D’ici 2025, la population des pays de cette région sera l’une des plus âgées au monde, posant ainsi une menace pour le succès de l’économie régionale si les réformes des retraites et de la protection sociale ne sont pas mises en œuvre en temps voulu. Les populations vieillissantes deviennent un problème mondial, mais seule la zone allant de la Russie à l’Albanie fait face simultanément à de faibles taux de natalité, à une espérance de vie plus longue et à une transition incomplète des économies communistes vers des économies de marché matures. Ces 28 pays, y compris la Croatie, doivent mettre en œuvre des réformes en prévision d’une catastrophe démographique tout en accélérant simultanément le processus de transition économique. Parmi les pays couverts par l’étude, la Slovénie aura la population la plus âgée. La Croatie se classe au deuxième rang, suivie de près par la République tchèque, la Bulgarie et la Hongrie.

En Croatie, la part de la tranche d’âge de 65 ans et plus devrait atteindre environ 22 % d’ici 2025, contre environ 16 % en 2000. La population totale pendant cette période devrait diminuer de 234 000. En Slovénie, la part de la même tranche d’âge atteindra environ 23 % d’ici 2025, contre environ 14 % en 2000. Dans l’ensemble, d’ici 2025, jusqu’à 20 à 25 % de la population dans neuf pays allant de l’Azerbaïdjan à la Slovaquie appartiendront à cette tranche d’âge. La population totale devrait diminuer de près de 24 millions, la Russie à elle seule représentant 17 millions. Selon les prévisions de la Banque mondiale, les pays de l’ancienne Union soviétique et les pays des Balkans occidentaux en retard dans les réformes post-communistes seront confrontés aux plus grands défis pour faire face aux changements provoqués par les évolutions de la structure démographique.

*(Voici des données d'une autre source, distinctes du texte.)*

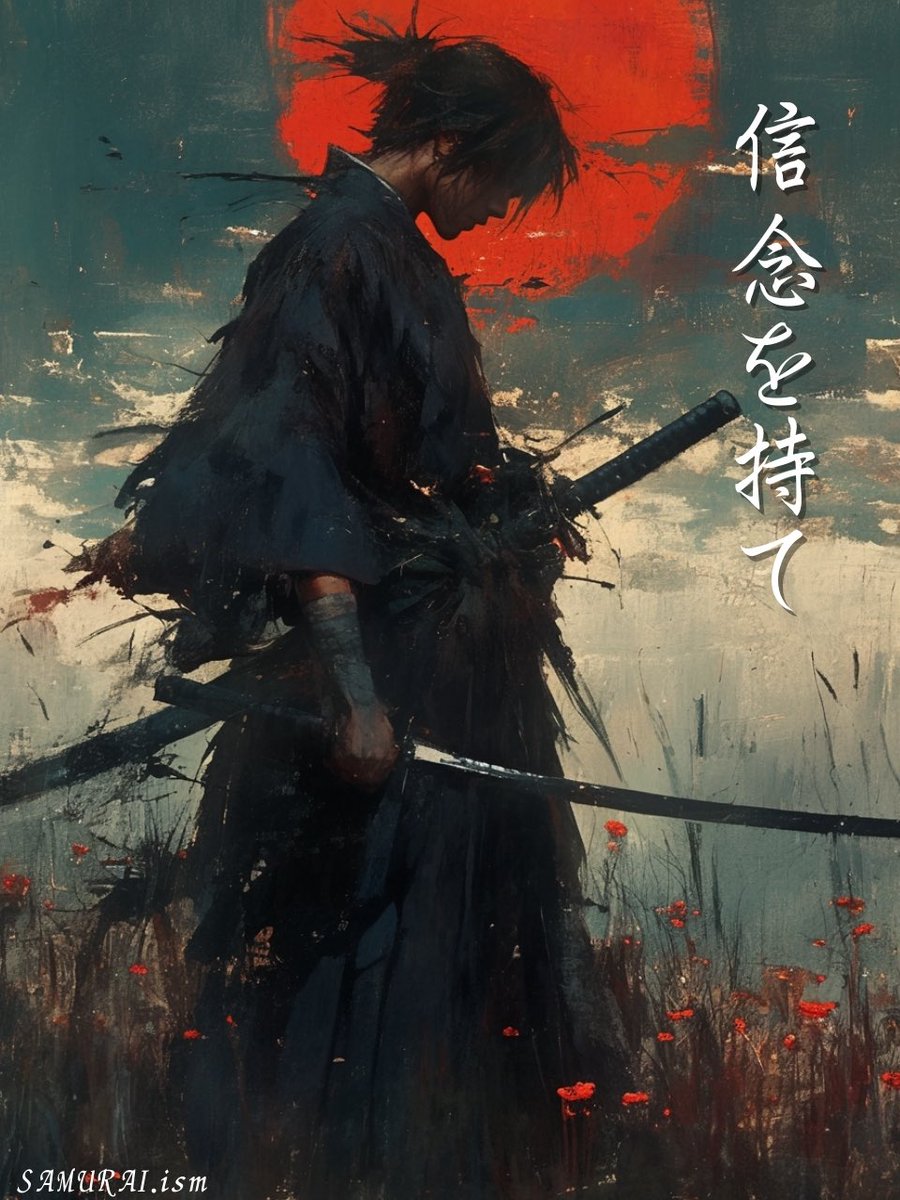 信念を持て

En revanche, les 10 pays d’Europe de l’Est qui ont rejoint l’UE en 2004, ainsi que l’Albanie et la Croatie, sont dans la meilleure position pour faire face avec succès à ces défis, à condition qu’ils continuent à mettre en œuvre des réformes économiques au rythme actuel. La possibilité d’une augmentation soudaine des coûts des soins de santé à long terme et des paiements de retraites pour un nombre croissant de personnes est particulièrement préoccupante. D’ici 2025, plus d’un cinquième des Bulgares auront plus de 65 ans, et le Slovène moyen aura 47 ans. Ces préoccupations sont encore alimentées par le fait que le financement de ces systèmes dans les anciens pays communistes est déjà insuffisant.
Établir des mécanismes de soins qui seront significativement moins chers que les services hospitaliers peut atténuer le choc qui résultera de l’augmentation des coûts des soins de santé. Pour y parvenir, il est nécessaire de reconnaître et de soutenir de manière appropriée les aidants informels.

Pour lutter contre les pénuries de main-d’œuvre, la promotion de formes d’emploi plus flexibles et l’expansion des marchés financiers par des investissements dans des emplois à haute productivité peuvent être efficaces. Une solution réside également dans l’augmentation de l’âge de la retraite et la modification des formules de détermination des prestations. La Banque mondiale estime également que l’institution existante des allocations familiales et les incitations fiscales offertes par de nombreux gouvernements d’Europe occidentale aux couples avec enfants ont un « effet négligeable » sur l’encouragement à la natalité.

« Ce rapport montre qu’un avenir désagréable peut être évité », déclare Gordon Betcherman, économiste en chef à la Banque mondiale. « Si des mesures proactives sont prises pour améliorer la productivité du travail, les pertes causées par un effectif en diminution pourraient être compensées. Les pénuries de main-d’œuvre peuvent également être minimisées grâce à la migration interrégionale. » En fin de compte, une meilleure éducation, l’apprentissage tout au long de la vie et l’innovation sont ce dont les pays ont besoin pour maintenir leur main-d’œuvre. (T. LJ.)